Names at the coal face
It’s been an interesting week of visits to institutional repositories around Scotland and England. One thing that has become very clear is that no two repositories are doing things in exactly the same way: even those with very similar software set-ups.
Some institutions have a great deal of control over the names in their repository (the University of Warwick is a good example of this), while others have control over the names of researchers from their own institution (often through a manual or automatic check against the human resources database), but no standardisation for co-authors who are outside the university. From conversations this week, it seems that one of the most useful things the Names Project will be able to do in the near future is to take those lists of external researchers (along with the title of their article or conference paper) and provide the repository with an identifier for them, matched from the Zetoc data that we’re using to disambiguate people.
We don’t have affiliation data in the Names pilot system yet – changing this proves to be a bit of a stumbling block with institutions, who are reluctant to give us information about their researchers (the Data Protector spectre looms large when I raise this topic*). The RAE 2008 data is available on the web now, giving access to information about researchers and institutions, so the project will be using this to supply some of the affiliation data for those researchers covered by that Research Assessment Exercise.
We’ll also be doing a full Zetoc extract and disambiguation in the next month or two, which means that there will be many more names in the pilot system than we’ve got at present. It’s always a bit embarrassing when I’m demonstrating the system and a university’s prize researcher isn’t mentioned anywhere.

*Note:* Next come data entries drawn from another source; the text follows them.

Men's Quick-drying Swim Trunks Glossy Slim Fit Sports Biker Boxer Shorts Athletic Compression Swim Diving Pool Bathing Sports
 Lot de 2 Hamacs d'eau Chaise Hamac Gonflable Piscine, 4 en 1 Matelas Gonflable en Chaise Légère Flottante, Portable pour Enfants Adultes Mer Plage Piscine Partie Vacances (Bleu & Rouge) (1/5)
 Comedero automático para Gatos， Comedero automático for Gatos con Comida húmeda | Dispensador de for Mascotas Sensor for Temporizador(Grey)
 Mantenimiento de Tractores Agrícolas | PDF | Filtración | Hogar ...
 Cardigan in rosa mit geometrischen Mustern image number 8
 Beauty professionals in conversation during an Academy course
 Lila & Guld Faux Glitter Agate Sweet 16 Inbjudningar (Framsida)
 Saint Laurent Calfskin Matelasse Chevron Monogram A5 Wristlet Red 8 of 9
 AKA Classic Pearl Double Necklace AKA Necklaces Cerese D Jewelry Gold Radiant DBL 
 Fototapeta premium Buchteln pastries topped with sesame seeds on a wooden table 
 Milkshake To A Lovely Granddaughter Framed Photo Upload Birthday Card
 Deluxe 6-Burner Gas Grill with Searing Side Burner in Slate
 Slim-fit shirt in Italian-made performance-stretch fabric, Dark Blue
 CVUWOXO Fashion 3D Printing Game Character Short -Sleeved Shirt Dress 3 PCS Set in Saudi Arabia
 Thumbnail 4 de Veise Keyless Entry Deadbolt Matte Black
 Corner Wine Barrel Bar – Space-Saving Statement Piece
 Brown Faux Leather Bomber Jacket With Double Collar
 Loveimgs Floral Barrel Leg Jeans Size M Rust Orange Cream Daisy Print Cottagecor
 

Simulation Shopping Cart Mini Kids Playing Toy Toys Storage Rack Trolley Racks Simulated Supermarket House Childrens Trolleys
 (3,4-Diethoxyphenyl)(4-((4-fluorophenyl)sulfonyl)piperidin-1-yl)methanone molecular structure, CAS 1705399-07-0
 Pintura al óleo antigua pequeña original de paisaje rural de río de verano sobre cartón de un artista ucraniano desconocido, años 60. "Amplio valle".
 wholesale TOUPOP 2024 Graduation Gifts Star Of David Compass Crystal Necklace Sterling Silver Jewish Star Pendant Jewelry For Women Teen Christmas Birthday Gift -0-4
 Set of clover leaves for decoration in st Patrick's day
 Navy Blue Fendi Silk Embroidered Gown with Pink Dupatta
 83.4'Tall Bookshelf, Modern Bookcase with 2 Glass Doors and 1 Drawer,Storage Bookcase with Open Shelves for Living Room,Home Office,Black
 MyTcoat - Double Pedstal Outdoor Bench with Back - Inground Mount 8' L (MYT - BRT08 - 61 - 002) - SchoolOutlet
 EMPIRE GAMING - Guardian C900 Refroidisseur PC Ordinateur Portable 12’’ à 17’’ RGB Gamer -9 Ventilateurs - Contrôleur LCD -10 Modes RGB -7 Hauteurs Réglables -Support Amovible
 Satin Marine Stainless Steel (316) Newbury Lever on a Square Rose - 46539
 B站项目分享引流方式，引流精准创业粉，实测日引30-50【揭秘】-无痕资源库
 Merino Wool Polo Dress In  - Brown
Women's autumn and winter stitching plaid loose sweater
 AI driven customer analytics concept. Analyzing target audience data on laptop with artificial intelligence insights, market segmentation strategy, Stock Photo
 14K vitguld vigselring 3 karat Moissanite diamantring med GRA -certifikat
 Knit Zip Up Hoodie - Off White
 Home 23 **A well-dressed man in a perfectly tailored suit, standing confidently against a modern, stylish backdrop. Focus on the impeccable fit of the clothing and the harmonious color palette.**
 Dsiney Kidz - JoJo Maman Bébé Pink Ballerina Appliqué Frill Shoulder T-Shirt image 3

A few institutions mentioned metasearch implementations as a future source of name problems: some systems will be searching across existing institutional databases which may have treated names in different ways. Others will search across multiple institutional repositories which may record the names of contributors according to an internal standard, which may be different from the way that other institutions describe the same item, resulting in multiple entries for a single journal article across repositories.
I’m picking up some good examples of specific name-related problems on my travels, too. At the University of Birmingham, for example, there are two professors with the same first name, surname and middle initial, while at De Montfort University there are a husband and wife with the same initial and surname who occasionally collaborate on the same paper. I am sure there are many similar tales at other institutions.
Thanks very much to everyone who has taken the time to explain their system to me – it’s been really interesting and great to see how things work (or don’t work) in relation to names in repositories. I’ll be at Internet Librarian International on Thursday and Friday – so if I haven’t been able to get to you yet and you’re there and would like to talk about the names in your repository, let me know.
*I visualise this as something like the Ghost of Christmas Yet to Come.